Malgré toutes les difficultés de l’entreprise du fait de sources aussi éparpillées que difficiles à traiter, Taladoire retrace l’histoire de la contreguérilla, ses manières d’opérer, ses méthodes de recrutement ; il dresse le portrait des principaux acteurs. Ceux qui s’intéressent aux opérations strictement militaires y trouveront sans doute leur compte.
L’intérêt du livre porte aussi sur le point que Taladoire énonce en sous-titre : Des forces spéciales au XIXe siècle. Dans ce cadre, il pose le problème de la légitimité des moyens de la guerre tel qu’il fut soulevé dès la création de la contre-guérilla. En quoi celle-ci fut-elle un modèle de forces spéciales avant l’heure susceptible de faire école ? En quoi, même, était-elle compatible avec la défense des valeurs dont la France de Napoléon III, héritière de 1789, et l'archiduc Maximilien pouvaient se prévaloir ? Dès le chapitre 5, Taladoire lance le débat en replaçant son sujet dans la longue histoire des forces dites « spéciales », renvoyant le lecteur à des conflits d’autres temps et lieux. Certes, comparaison n’est pas raison. Taladoire le sait bien et la mise en perspective qu’il fait ne le conduit pas à sortir de son sujet. Il le met seulement en valeur.
La contreguérilla française fut-elle une unité de mercenaires brutaux ou de soldats efficaces face à des adversaires dont l’appréciation oscille, selon les points de vue, entre « chefs de bandes ou héros » ? La guerre menée par Dupin fut « sans nul doute atroce mais c’est dans ce dessein que l’unité a été créée », dans le cadre d’une guerre « où les atrocités mutuelles ont été légion ». La contre-guérilla était bien une unité spéciale de combattants auxquels fut confié le sale boulot avant qu’ils ne soient lâchés par les autorités du moment parce qu’ils n’étaient pas présentables. Toute l’hypocrisie des conflits se retrouve dans cette histoire, parce que, c’est bien connu, on ne fait pas d’omelette sans casser des œufs ! « Dupin bouc émissaire idéal » écrit Taladoire, mais victime paradoxale de ses détracteurs car « le mouton noir est celui dont se souvient l’histoire, en France comme au Mexique » !
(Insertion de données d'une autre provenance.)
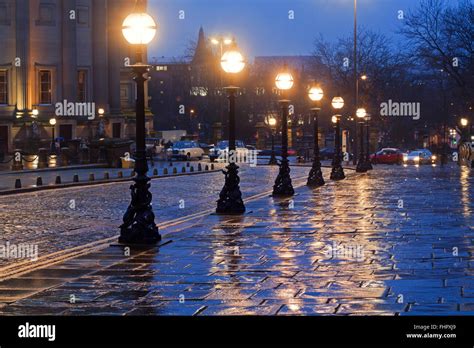 Victorian Street Lamp Night Hi Res Stock Photography And Images Alamy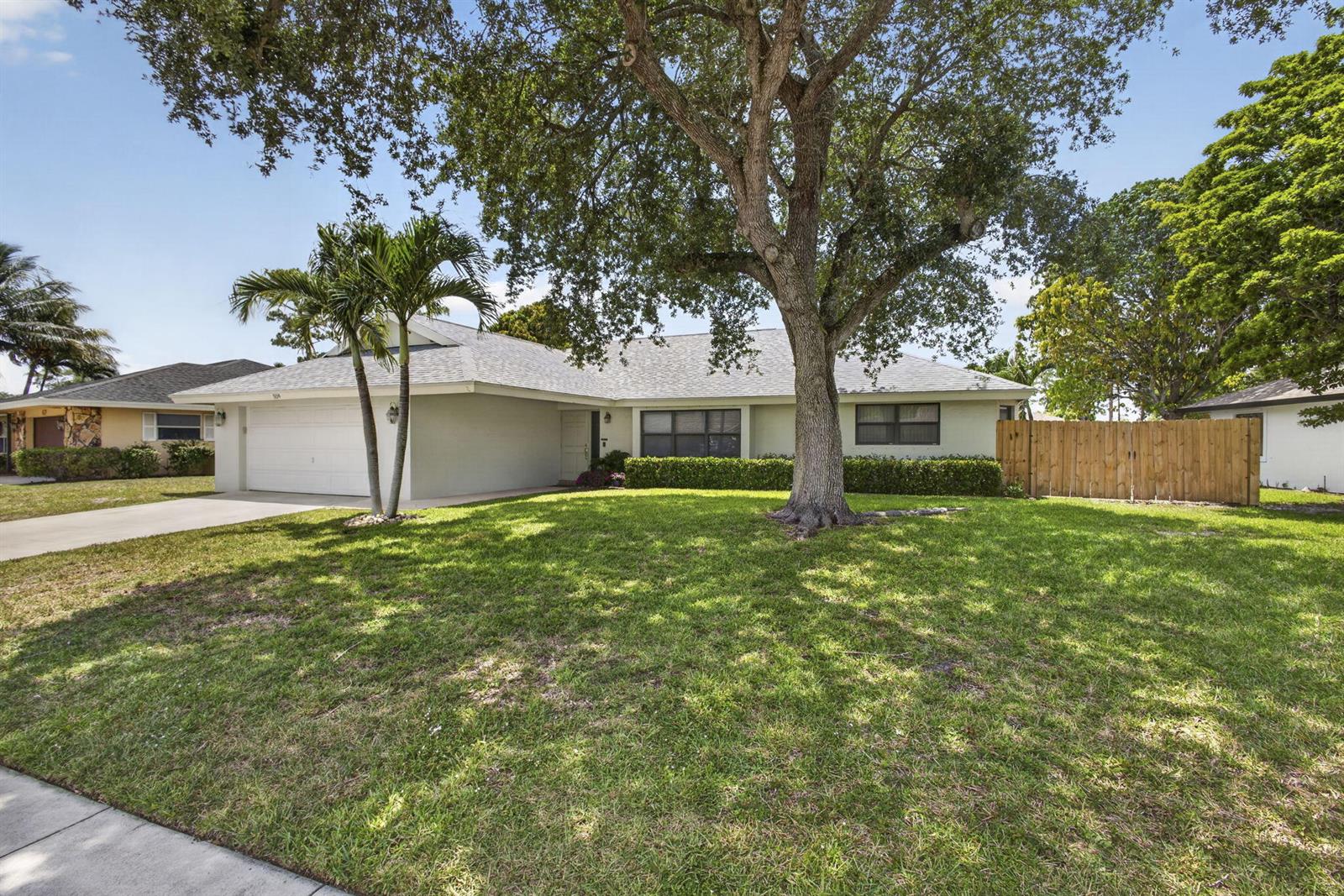559 Azure Avenue, Wellington FL 33414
Le débat entre les fins et les moyens tel qu'il resurgit à chaque guerre, quand les valeurs auxquelles nos sociétés sont attachées sont remises en cause par la nécessité sécuritaire, est ainsi posé dans ce livre. Question essentielle en ces temps de menaces terroristes, laquelle ne justifie pas les dérives, mais les explique, aide à les comprendre et invite à ne pas juger hors contexte.
Sources :
Taladoire, Eric, Les contre-guérillas françaises dans les terres chaudes du Mexique (1862-1867). Des forces spéciales au XIXe siècle. Paris, L'Harmattan, 2016.
Kératry, La contre-guérilla au Mexique, souvenirs des Terres Chaudes, Paris, 1869.
Charles-Louis Du Pin, fiche wikipédia.